2. Active Teen Recruitment
Most teens joined cross-age teaching programs from a larger pool of youth, such as their school or a community-based organization. Recruitment methods included informational meetings, posting signs, and/or distributing applications when students register for school. Completion of some type of teen participation record was also part of the induction process. Some agencies required formal, contractual agreements with the teens, whereas others only maintained records for administrative purposes. Many agencies used the application procedure as an opportunity to teach job seeking skills:
- They come in and we interview and it's like a job interview. I want to give them that kind of experience, and we talk about them. And a lot of times they don't realize that some of the stuff that they've done is considered background for your employment history on applications, like baby-sitting, like dog-walking, those kinds of things . . . so we talk a bit about that and I try to find out what they've actually done and we fit their interest and time into the programs that are available for volunteering with the agency. (Int. 6).
The philosophy regarding the necessary qualifications of teens differed among respondents. Generally, however, all agencies required that the teens demonstrate a genuine interest in the program.
3. Strong Curriculum
A strong curriculum with a series of detailed lessons to teach the children is essential to develop strong, confident teenaged teachers. The subject matter can be anything that is of interest to children and the teenagers. Sciences, nutrition and cooking, health, gardening, and reading are popular subjects.
A strong curriculum consisted of at least five lessons of 1 to 1 1/2 hours each. Most sites initially provided detailed lesson plans for teenagers.

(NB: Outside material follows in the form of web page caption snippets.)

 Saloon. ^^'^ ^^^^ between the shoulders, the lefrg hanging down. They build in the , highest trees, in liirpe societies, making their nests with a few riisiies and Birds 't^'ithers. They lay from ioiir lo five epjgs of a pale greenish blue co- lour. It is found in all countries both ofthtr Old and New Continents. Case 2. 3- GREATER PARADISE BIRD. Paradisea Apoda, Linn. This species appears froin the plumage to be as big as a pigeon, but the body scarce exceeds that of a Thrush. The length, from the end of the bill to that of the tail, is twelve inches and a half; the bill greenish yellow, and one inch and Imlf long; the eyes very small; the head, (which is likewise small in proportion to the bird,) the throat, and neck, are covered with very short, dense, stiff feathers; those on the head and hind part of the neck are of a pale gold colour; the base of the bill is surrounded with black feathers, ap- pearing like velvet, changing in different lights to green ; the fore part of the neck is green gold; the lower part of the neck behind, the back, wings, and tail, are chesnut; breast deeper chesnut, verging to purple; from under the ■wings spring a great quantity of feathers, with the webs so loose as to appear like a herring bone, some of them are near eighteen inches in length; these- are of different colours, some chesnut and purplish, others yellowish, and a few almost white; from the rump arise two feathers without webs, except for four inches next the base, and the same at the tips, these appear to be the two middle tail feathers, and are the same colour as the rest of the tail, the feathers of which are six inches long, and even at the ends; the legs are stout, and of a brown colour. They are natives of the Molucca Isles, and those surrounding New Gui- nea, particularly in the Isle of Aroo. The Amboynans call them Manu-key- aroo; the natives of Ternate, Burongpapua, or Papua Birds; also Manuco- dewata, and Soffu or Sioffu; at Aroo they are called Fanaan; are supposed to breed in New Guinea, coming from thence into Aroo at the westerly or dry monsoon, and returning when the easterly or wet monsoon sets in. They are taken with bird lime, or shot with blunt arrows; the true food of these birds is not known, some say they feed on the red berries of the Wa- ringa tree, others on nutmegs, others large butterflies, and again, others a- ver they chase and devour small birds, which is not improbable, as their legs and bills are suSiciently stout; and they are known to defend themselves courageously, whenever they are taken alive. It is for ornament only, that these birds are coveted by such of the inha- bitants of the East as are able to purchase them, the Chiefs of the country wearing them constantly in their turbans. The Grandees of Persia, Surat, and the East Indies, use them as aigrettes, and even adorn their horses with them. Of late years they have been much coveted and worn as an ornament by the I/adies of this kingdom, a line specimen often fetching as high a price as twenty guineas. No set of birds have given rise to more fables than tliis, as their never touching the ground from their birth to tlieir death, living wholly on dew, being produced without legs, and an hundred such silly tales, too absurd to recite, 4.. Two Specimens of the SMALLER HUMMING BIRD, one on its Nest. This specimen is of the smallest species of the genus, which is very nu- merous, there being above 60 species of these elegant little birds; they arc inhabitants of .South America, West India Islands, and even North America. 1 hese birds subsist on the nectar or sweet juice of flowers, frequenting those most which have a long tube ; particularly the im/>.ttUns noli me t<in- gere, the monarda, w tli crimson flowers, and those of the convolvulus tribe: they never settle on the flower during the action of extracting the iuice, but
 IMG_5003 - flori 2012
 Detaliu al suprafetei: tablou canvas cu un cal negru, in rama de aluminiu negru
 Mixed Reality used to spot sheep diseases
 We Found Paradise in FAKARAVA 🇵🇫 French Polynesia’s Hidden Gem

As teenagers gained confidence and skills, lesson plans became more flexible. Teenagers were particularly effective when using hands-on and interactive learning activities. A strong curriculum enabled teenagers to gain a high level of teaching competence quickly. Becoming competent, successful teachers is fundamental to the teenagers' self-confidence.
4. Initial Training
The number of hours that the teens were trained, the methods used, and the follow-up support provided were as varied as the programs studied. Initial training for teenagers ranged from no initial training to 50-minute daily classes for one and one-half semesters. However, a range of 10 to 30 hours seemed most common. Whereas no agency staff reported spending too much time on training, staff commonly reported that more training was needed. The director of a gardening project noted:
- For me it's all a training issue. Those poor leaders could be good leaders I think you can get those kids to be good leaders, solid leaders, and I think it has to do with training and then time. (Int.1).
5. Ongoing Training and Support
Almost all of the agencies provided ongoing support and training in addition to their initial training. In fact, many agency staff persons indicated that follow-up training was the most important. Some noted that too much initial training may be overwhelming to the teens and that they could better absorb the material in increments. One staff person felt that every venue at which teens teach will be different from the previous one and stated that training should be "event specific" (Int. 4). Another noted, "You can go over this stuff, but when you're in the situation . . . THAT'S when the questions come up. So I'm a firm believer in ongoing training." (Int. 6).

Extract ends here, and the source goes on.